Ma forse è meglio prima spiegare cos’è la Transumanza:

“Il Tratturo è il nome con cui si indica la strada percorsa dai pastori e dai propri animali per spostarsi e raggiungere stagionalmente due regioni geografiche e climatiche diverse: in autunno verso le pianure più calde della Puglia, in primavera verso le montagne più fresche di Abruzzo e Molise che offrono pascoli verdi e abbondanti. Non dobbiamo però dimenticarci del doppio ruolo svolto dal Tratturo: di transito, e contemporaneamente, di pascolo considerato che gli animali, ad esempio le pecore, hanno bisogno di camminare e di pascolare allo stesso tempo.
Questa forma di pastorizia, basata quindi sullo sfruttamento di pascoli lontani ed essenzialmente complementari tra di loro, nell’arco dell’anno doveva essere attuata, per forza di cose, grazie a questi collegamenti, vere e proprie “autostrade verdi” funzionali a tale scopo. I Tratturi e la Transumanza sono legati a filo doppio: uomini e greggi alla ricerca di cibo, piste e itinerari di collegamento.

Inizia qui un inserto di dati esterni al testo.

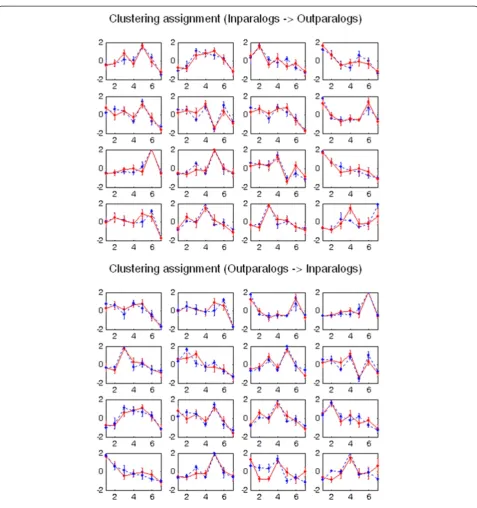 Figure 9 Representation of similarity in expression pattern among paralogs. There are 16 dominant gene expression patterns in both in-paralogs and out-paralogs and these paralogs have high cosine expression similarity at the individual gene to gene and cluster to cluster levels,indicating that individual gene expression patterns in out-paralogs are similar to those in in-paralogs.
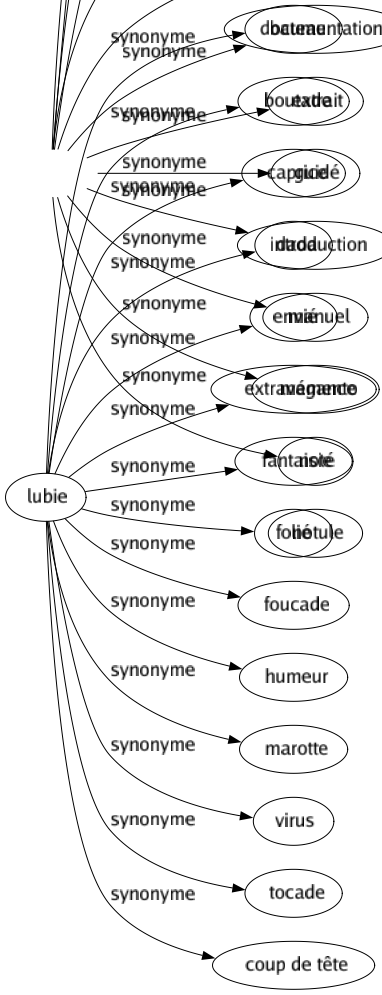 Synonyme de Lubie : Bateau Boutade Caprice Dada Envié Extravagance Fantaisie Folié Foucade Humeur Marotte Virus Tocade Coup de tête 
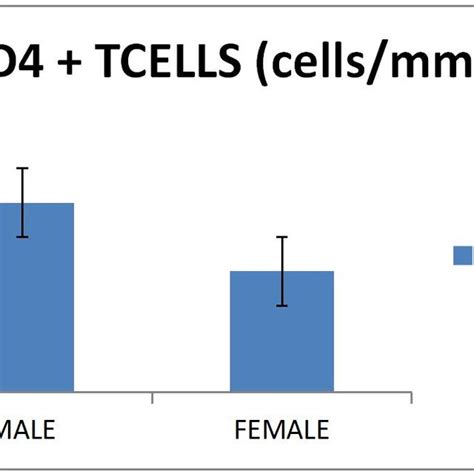 Cd T Cells And Tnf Alpha In Hiv Positive Subjects According To Age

Forse sembrerà strano, ma questi “giganti verdi”, le grandi e antiche strade delle pecore, hanno assunto un ruolo importantissimo per decifrare la storia delle regioni appenniniche centro-meridionali dell’Italia. Già i Pentri, il gruppo più imponente e importante dei Sanniti, stanziati nell’area dell’attuale provincia di Isernia (ricordiamo che Bovianum era la loro capitale) nel IV secolo a.C. , usavano percorrere lunghe distanze al fine di raggiungere i pascoli in pianura. Altro non era, quindi, che la pratica della Transumanza. E che queste siano le radici dei moderni tratturi lo testimonia, ad esempio, la presenza di Altilia, la città romana di Sepino, che prima di diventare cittadella dell’impero, era un centro sannita adibito al ricovero e alla sosta delle greggi che vi transitavano.

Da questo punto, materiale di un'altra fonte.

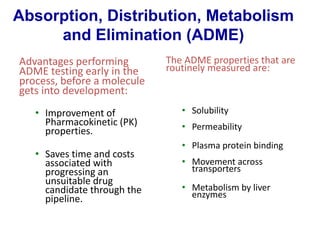 Absorption, Distribution, Metabolism and Elimination (ADME) 
Advantages performing ADME testing early in the process, before a molecule gets into development: 
•Improvement of Pharmacokinetic (PK) properties. 
•Saves time and costs associated with progressing an unsuitable drug candidate through the pipeline. 
The ADME properties that are routinely measured are: 
•Solubility 
•Permeability 
•Plasma protein binding 
•Movement across transporters 
•Metabolism by liver enzymes  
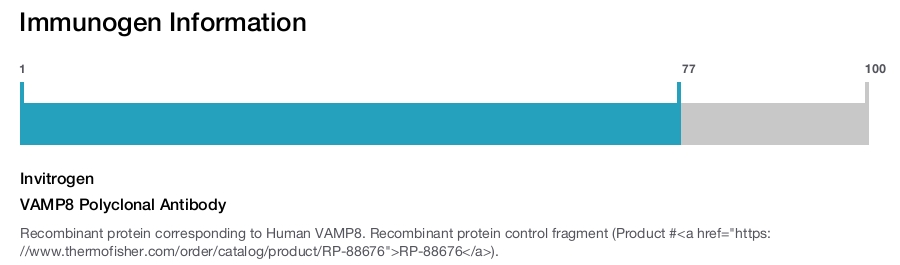 VAMP8 Polyclonal Antibody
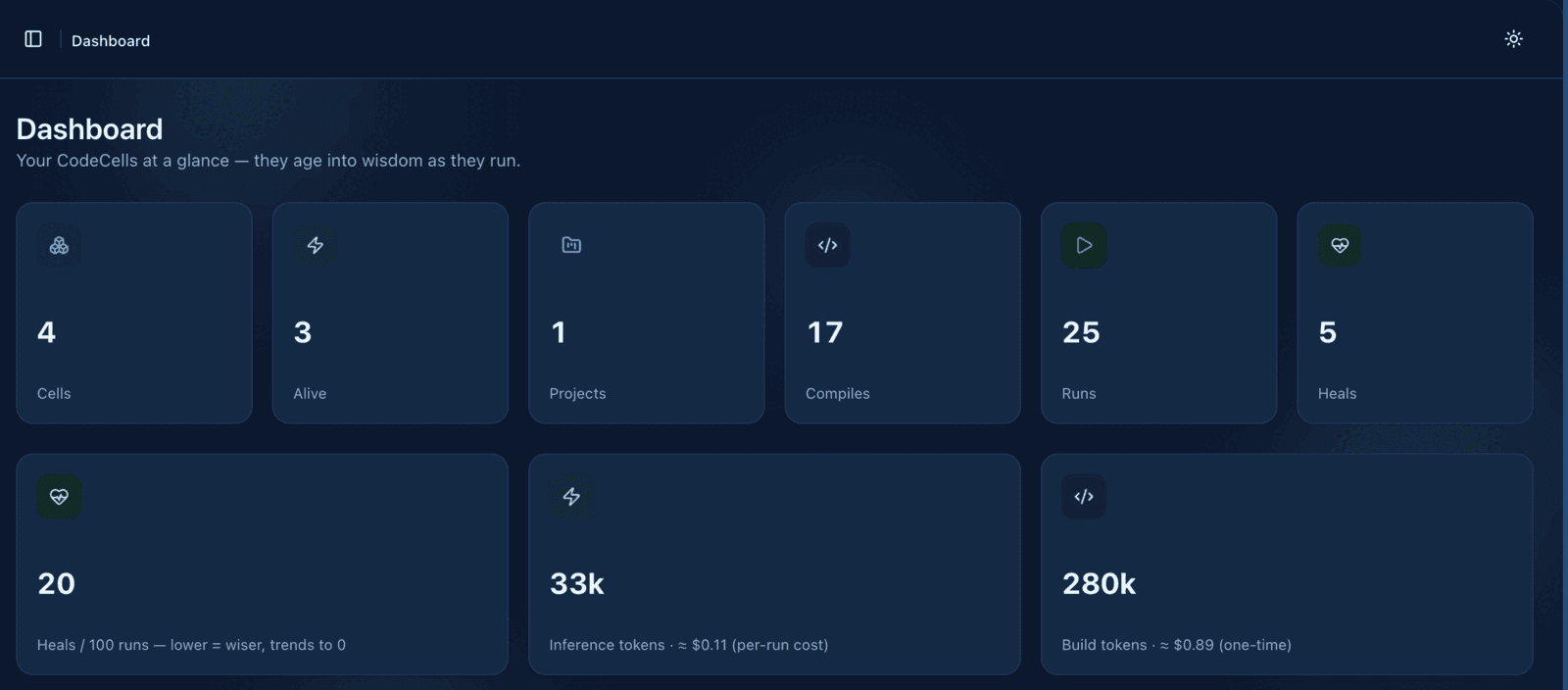 CodeCell dashboard - cells, runs, compiles and heals at a glance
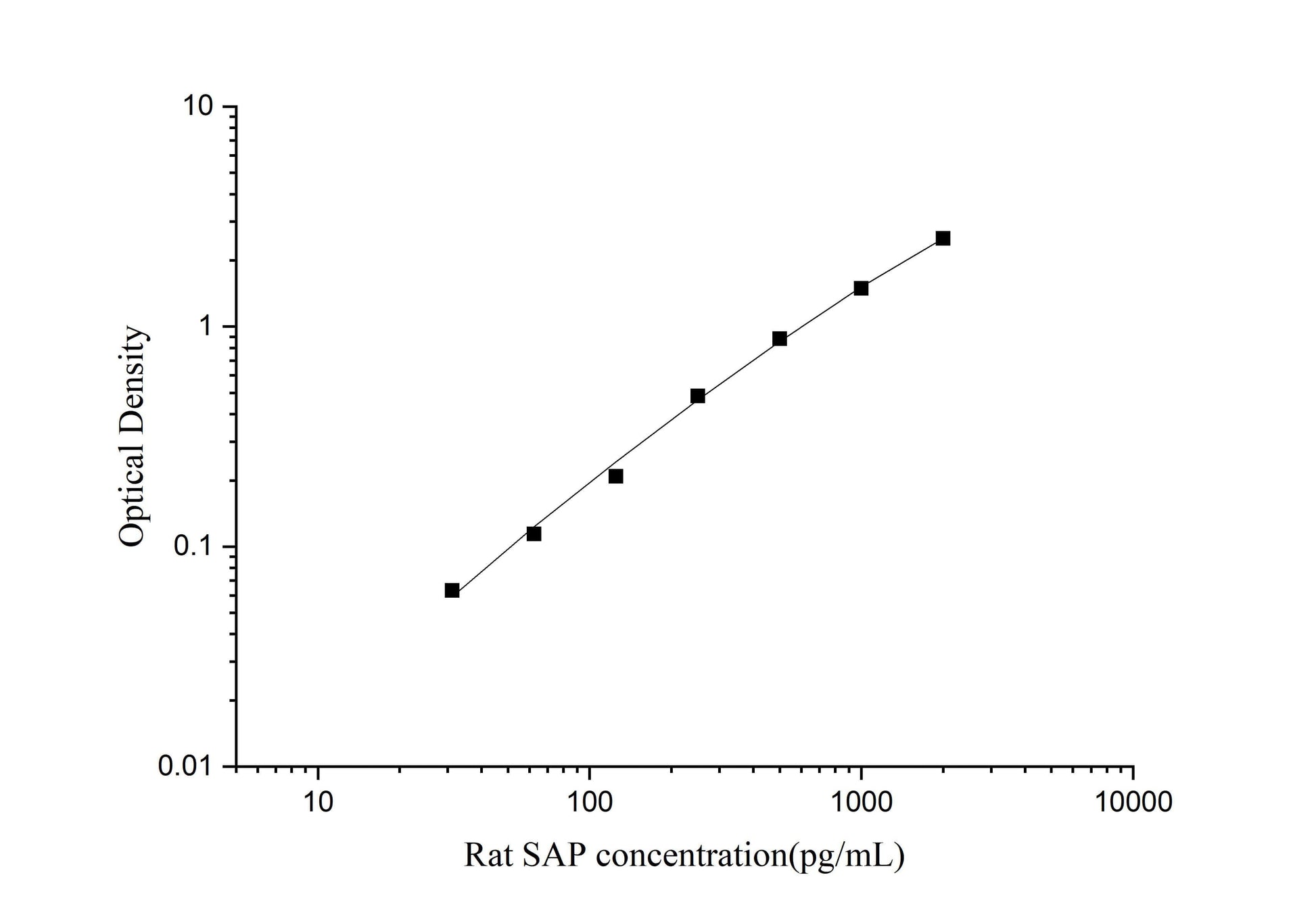 Rat SAP ELISA, 3.5 hour assay, sensitivity of 18.75 pg/mL, range of 31.25-2000 pg/mL.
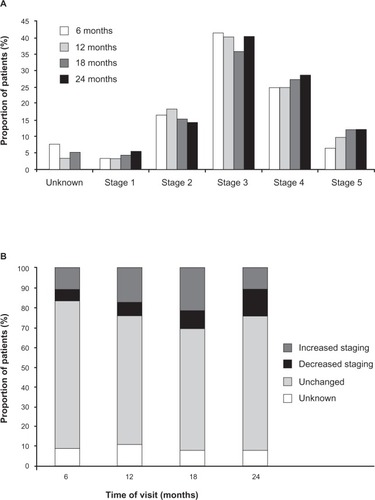Figure 1 Staging and variation in CKD staging for patients over the four visits. (A) Staging of CKD in patients over the four visits. (B) Change in CKD staging (relative to baseline) over the four visits.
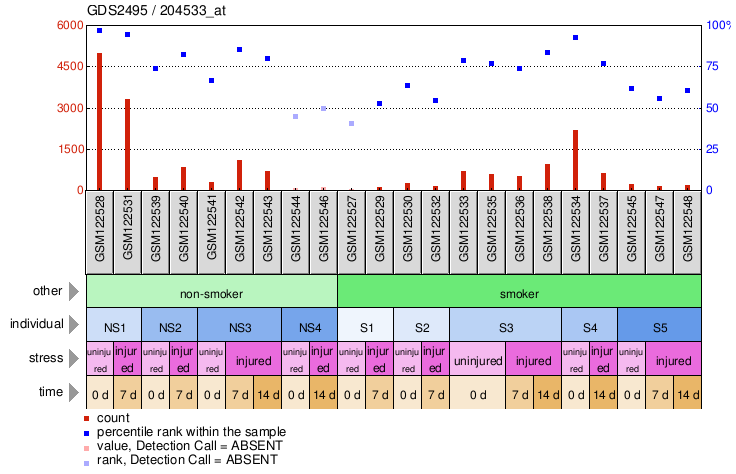 Gene Expression Profile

I Tratturi quindi, manifestazione naturale dell’orografia del territorio, sono divenuti prima antiche direttrici, importanti per lo spostamento di uomini e animali sul territorio, e poi, in epoca moderna, grandi strade verdi, nonchè fondamentale riferimento per le scelte insediative e per il complessivo disegno del paesaggio da parte dell’uomo. Non c’è dubbio che il rapporto tra la conformazione del territorio, le vie di comunicazione, i pascoli, le abitazioni e le fortificazioni a difesa di tutto questo sia molto stretto: basti pensare che più di 70 paesi del Molise sono nati proprio su queste antiche direttrici, compresi i comuni di Campobasso, Boiano e Isernia, per citarne alcuni tra i più grandi della regione.
In epoca romana il Tratturo divenne vera e propria arteria di comunicazione, organizzato, e in qualche caso deviato, per meglio agevolare le comunicazioni tra i centri dell’impero: vennero costruiti ponti, taverne e centri di pernottamento attorno ai quali sorsero nuovi centri e cittadelle.
Lo sviluppo però del moderno Tratturo lo si deve agli Aragonesi, dopo un periodo di scarso utilizzo e di relativa decadenza dovuta principalmente alla caduta dell’Impero Romano.”

“Il Tratturo Moderno

Dopo gli anni di sostanziale abbandono dell’attività legata alla transumanza degli animali, dovuta alla fine dell’impero romano, con l’arrivo dei Normanni prima e specialmente con gli Aragonesi poi, il Tratturo riprende il suo antico ruolo nell’economia prevalentemente agricola delle regioni centro-meridionali.
Gli Aragonesi, soprattutto nella metà del XV secolo, decidono di costruire intorno alla civiltà appenninica un sistema complesso e fiorente dal punto di vista economico, basato prevalentemente sull’allevamento ovino e sulla commercializzazione della lana. I tratturi tornano all’antico splendore: si trasformano in vere e proprie autostrade di erba, una rete di collegamento perfettamente integrata in questo nuovo sviluppo sociale. I “Giganti Verdi” danno così slancio ad una nuova epoca d’oro dell’attività della pastorizia legata alla transumanza delle greggi, soprattutto dai monti dell’Abruzzo e del Molise verso le pianure della Puglia. Per oltre tre secoli le antiche vie delle pecore costiuiranno vere e proprie miniere d’oro per tutto il meridione d’Italia, diventando testimoni e protagonisti indiscussi dello sviluppo e dell’affermazione di una vera e propria “età della Transumanza”. Era nato il Tratturo moderno, così come lo conosciamo oggi, con diramazioni e collegamenti.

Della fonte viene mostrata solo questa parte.